The giddy guilty pleasures of old-school boulevard fare propel the West Coast premiere of "Caught in the Net," produced by International City Theater in Long Beach. Writer-director Ray Cooney's schizoid farce about a bigamist's colliding households is an uproarious example of high-grade lowbrow lunacy.
West End icon Cooney has been generating post-Feydeau folly since 1961. Long considered the heir to celebrated British farceur Ben Travers, Cooney's canon counts several staples in the populist field, such as "Move Over Mrs. Markham," co-written with John Chapman in 1971 and a dinner-theater perennial ever since.
In 1983 came "Run for Your Wife," which inaugurated Cooney's company, Theatre of Comedy. "Wife," a screwball study of one taxi driver and two spouses, ran for almost nine years in London. Though crucified on Broadway in 1989, it has become another regional favorite.

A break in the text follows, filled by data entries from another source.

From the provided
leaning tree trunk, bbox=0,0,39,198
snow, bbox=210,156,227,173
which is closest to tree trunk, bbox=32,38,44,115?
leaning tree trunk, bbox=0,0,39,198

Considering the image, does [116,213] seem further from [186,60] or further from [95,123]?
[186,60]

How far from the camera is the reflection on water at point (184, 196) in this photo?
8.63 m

In 2001, Cooney concocted "Caught in the Net," which rejoins "Wife's" personable cabby John Smith (Richard Ashton) and his bipolar situation 18 years later. In Wimbledon, John reports to one wife, Mary (Tracy Winters); his teenage daughter, Vicki (Kristina Bartlett); and their lodger, Stanley Gardner (Greg Zerkle). This amiable loon is a longtime ally in John's tacit campaign to maintain his Chelsea home front, where the other wife, Barbara (Joanne McGee), and their son, Gavin (Phillip C. Vaden), are ensconced.
After Vicki and Gavin connect in an Internet chat room, struck by each other's identical paternal description, they make a date. The Act 1 rising action concerns John and Stanley's efforts to prevent this assignation from shattering the status quo. The net tangles further in Act 2 with the advent of Stanley's addled dad (Cooney), here for his promised seaside excursion. Further synopsis would cause hyperventilation.

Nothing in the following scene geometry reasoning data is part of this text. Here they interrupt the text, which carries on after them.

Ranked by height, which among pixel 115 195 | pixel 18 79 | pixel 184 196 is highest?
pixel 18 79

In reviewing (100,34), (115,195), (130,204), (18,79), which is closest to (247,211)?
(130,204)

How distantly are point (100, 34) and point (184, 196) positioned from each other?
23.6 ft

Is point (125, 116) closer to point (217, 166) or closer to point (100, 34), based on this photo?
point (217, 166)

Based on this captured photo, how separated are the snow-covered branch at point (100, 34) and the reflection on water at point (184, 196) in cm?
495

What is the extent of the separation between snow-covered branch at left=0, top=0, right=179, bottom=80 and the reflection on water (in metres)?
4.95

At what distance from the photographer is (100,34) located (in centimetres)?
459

Cooney's narrative presents both locales at once, traversing Douglas Heap's pro-forma set like a soft-focus "How the Other Half Loves." Indeed, "Caught" suggests Alan Ayckbourn aping Neil Simon on Red Bull. The dual domiciles correspond and interface without blurring, and the various British jokes land without being Americanized. This seems a testament to director Cooney's expert control over author Cooney's chortling invention.The daft cast members display convincing accents and endanger the doorjambs with kidney-threatening élan. Ashton's harried protagonist is hilarious, with a knack for knockabout comedy. Winters and McGee limn the rising confusion of both Mrs. Smiths to perfection. Bartlett and Vaden are fresh, funny juveniles, and Cooney's cracked coot hijacks the house. This goes double for Zerkle, whose discombobulated frenzy grows more sidesplitting with each mounting indignity.
Technical concerns are proficient and polished. Besides Heap, the design roster includes Bill Georges' lighting and sound, Vika Teplinskaya's props and Kim DeShazo's costumes.
Some critics have faulted Cooney's farcical architecture for its relative triviality. "Caught" has little of Ayckbourn's satiric edge, and none of the Olympian complexity of Michael Frayn's "Noises Off."
Still, Cooney's sure-fire Shaftesbury approach carries its own virtues. Even politically incorrect aspects like Mary's same-sex misread of Stanley's maneuvers emerge not from easy stereotyping but in service of escalating complications. In fact, "Caught in the Net" snags its belly laughs with more authenticity than many a sitcom, and therein lies its satisfying appeal.